The free Seattle Hempfest is all volunteer-produced and costs about half a million dollars to create each year. Donations are heartily encouraged. The average attendee donates just 10 to 12 cents.
This year, Libertarian Party presidential candidate Gary Johnson as well as Green Party presidential candidate Jill Stein are scheduled to speak while “shockingly,” Republican presidential nominee Mitt Romney and President Obama declined speaking invitations, McPeak says.
The 2012 election season is making Hempfest 2012 a historic occasion, with unprecedented divisions amongst cannabis activists, he says. Marijuana legalization Initiative 502 has divided the reform community like never before, McPeak says, and it’s led to rifts within Hempfest as well.
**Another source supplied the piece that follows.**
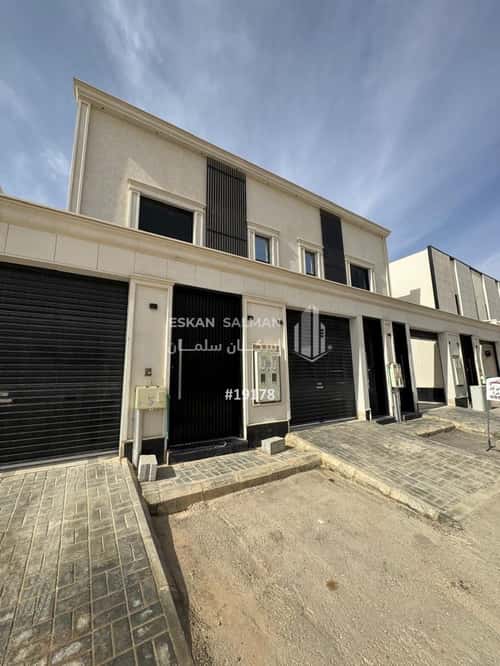 5 bedroom apartment in Al Janadriyah 3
Co-sponsored by John McKay, former U.S. Attorney for the Western District of Washington; Peter Holmes, Seattle city attorney; and travel writer Rick Steves, I-502 would legalize possession of marijuana for adults over 21 and regulate legal cultivation of the plant, similar to alcohol.
But McPeak says the average voter has a superficial understanding of the bill.
“They think, ‘Decriminalization? Legalization? Great, let’s change the law.’”
But the details of I-502 have caused some legalizers to line up with the police lobby to denounce the Initiative. I-502 contains a provision that criminalizes driving with any level of cannabinoids in the blood, if the driver is under 21—in other words, even if you’re stone-cold sober, you could be considered under the influence if you have enough cannabinoids in your system.
Critics of I-502 among the reform community also fret for the commercial future of legal pot, fearing corporate raiders.
The I-502 imbroglio has seeped into Hempfest, too. McPeak came out early against I-502, and it caused “a firestorm of controversy. We had some longstanding Hempfest people quit because of my position,” he says. “I was goaded into it and I regret it.”
Hempfest has had to take a “neutral” position on I-502, “which is painful because that’s a statement in and of itself,” he says.
McPeak said he doesn’t know how he’s going to vote on the Initiative now. Meanwhile, expect both sides of the I-502 debate to air their positions and man booths at Hempfest this year. McPeak wishes for more constructive disagreement. In fact, Hempfest was born in 1991 with just 500 people as the “Washington Hemp Expo”—out of a desire to have less confrontational, more effective cannabis gatherings.
“We wanted to break off from the angry, disruptive, adversarial activism that we saw that wasn’t being very effective,” he said. “I would like to see the activist groups that are fighting each other and sparring take a more positive, constructive, productive approach as well.”
The Other Side of the Coin
I-502 organizers submitted at least 254,000 valid signatures to get the proposed law on the ballot, and garnered the endorsements of NORML, the ACLU and the Drug Policy Alliance. On July 22, Progressive car insurance founder Peter Lewis added $1.5 million to I-502’s war chest. Washingtonians favor the bill 55 to 32 percent, according to a July poll by SurveyUSA. But some bristle at the proposals details which state that motorists over 21 may have less than five nanograms per milliliter of THC in the blood. Therefore, Initiative 502, the argument goes, will likely imprison some sober drivers, both under 21 and over, who fail the zero tolerance limit or the five-nanogram limit.